JLR’s retail sales in China fell by 10% percent in China in the period. Local production of Range Rover Evoque and Discovery Sport SUVs in China and the ending of an annual tax rebate there also lowered margins, JLR said.
But strong JLR sales in Europe and North America offset the slowdown in China. The firm posted a near 50% increase in US and European sales, with sales up by 47% in the UK. Other overseas markets were up 6% overall. In volume terms it was the firm’s best ever quarter.
Total revenues were £5.8 billion, 2% down on the same period of in 2014. JLR reported Earnings Before Interest, Taxes, Depreciation and Amortisation (EBITDA) of £834 million, representing an EBITDA margin of 14.4% for the quarter (up from 12.2% in the previous quarter, which pleased analysts), although this was still down from a near 20% in earlier quarters.
Profit Before Tax came in at most £500m, including a £30 million favourable exceptional item relating to the initial insurance payments for thousands of cars damaged in the 2015 Tianjin Port explosion.
This compares to a profit before tax figure of £685 million for the same period of 2014. Yet the £500m figure was still a good result as it was up significantly from the (exceptional) pre-tax loss that the firm reported in the previous quarter.
The challenges that JLR faced in China in 2015 have been the subject of recent Birmingham Post blogs, see here for example.
Despite opening a new plant operating in China in late 2014, the firm saw a sharp decline in sales there in 2015 as the economy cooled and the impact of the stock market crash was felt on premium car sales.

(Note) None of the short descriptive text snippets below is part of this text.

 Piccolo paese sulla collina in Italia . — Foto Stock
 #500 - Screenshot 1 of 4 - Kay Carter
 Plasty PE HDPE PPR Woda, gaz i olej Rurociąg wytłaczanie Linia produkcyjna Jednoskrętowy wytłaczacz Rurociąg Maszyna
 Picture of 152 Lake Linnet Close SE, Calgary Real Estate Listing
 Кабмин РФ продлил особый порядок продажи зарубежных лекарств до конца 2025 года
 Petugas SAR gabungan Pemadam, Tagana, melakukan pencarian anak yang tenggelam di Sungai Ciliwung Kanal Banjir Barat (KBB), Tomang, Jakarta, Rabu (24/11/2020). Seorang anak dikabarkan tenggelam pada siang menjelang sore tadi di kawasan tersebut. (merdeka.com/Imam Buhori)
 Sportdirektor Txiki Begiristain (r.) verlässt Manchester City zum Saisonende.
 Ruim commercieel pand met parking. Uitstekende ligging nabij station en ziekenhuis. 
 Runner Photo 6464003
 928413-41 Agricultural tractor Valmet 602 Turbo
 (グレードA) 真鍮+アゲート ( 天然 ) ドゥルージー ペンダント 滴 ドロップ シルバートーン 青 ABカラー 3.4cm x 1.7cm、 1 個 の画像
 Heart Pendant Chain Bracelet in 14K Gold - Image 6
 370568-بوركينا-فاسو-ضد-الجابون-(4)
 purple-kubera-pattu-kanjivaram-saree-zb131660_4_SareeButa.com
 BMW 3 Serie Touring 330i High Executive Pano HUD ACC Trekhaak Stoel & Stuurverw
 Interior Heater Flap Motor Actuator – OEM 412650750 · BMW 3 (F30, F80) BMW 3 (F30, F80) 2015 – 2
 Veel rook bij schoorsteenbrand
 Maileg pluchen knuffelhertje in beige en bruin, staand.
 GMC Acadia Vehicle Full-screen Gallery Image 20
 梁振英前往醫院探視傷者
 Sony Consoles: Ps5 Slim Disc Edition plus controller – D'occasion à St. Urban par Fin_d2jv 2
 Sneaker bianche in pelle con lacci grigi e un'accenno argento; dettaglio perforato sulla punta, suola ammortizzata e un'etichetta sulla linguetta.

China accounted for about a quarter of JLR’s retail sales in 2014 and a much higher proportion of its profits given the high prices the firm had been able to command there.
Despite the Chinese slowdown, JLR still has impressive growth potential according to many analysts. Its new products – including the Discovery Sport, XE and XF, are expected to drive strong growth and profits. And the Chinese premium market is already showing signs of picking up.
New models will help. For example, Jaguar will launch its F-Pace ‘crossover’ (or SUV) model shortly, which could really boost Jaguar sales in the US and China. The SUV/crossover market is set to expand rapidly in coming years around the world. Even in China, while car sales rose slowly at the back end of 2015, SUV sales jumped. The F-Pace may be just the first of a range of Jaguar crossovers.
JLR wants to release some 50 new or updated products over the next five years and recently signed a deal to build a new plant in Slovakia. JLR does not publicly discuss long-term sales goals, but it’s thought to want to achieve at least 1m in sales by 2020 — which would be about half the current annual volumes of BMW. JLR is on course to top 500,000 sales this fiscal year.
What’s important here is that the firm now has strengths across different markets and with its impressive product line up, can – probably for the first time in its history - ride out shocks in different parts of the world. There’s no room for complacency, of course; indeed the Chinese slowdown in part stimulated the launch last year of an ambition cost reduction programme at the firm, as part of a programme called ‘Leap 4.5.’
Overall, after a difficult period in mid-2015 owing to the sharp slowdown in the Chinese premium auto market, Jaguar Land Rover (JLR) has returned to form on latest figures.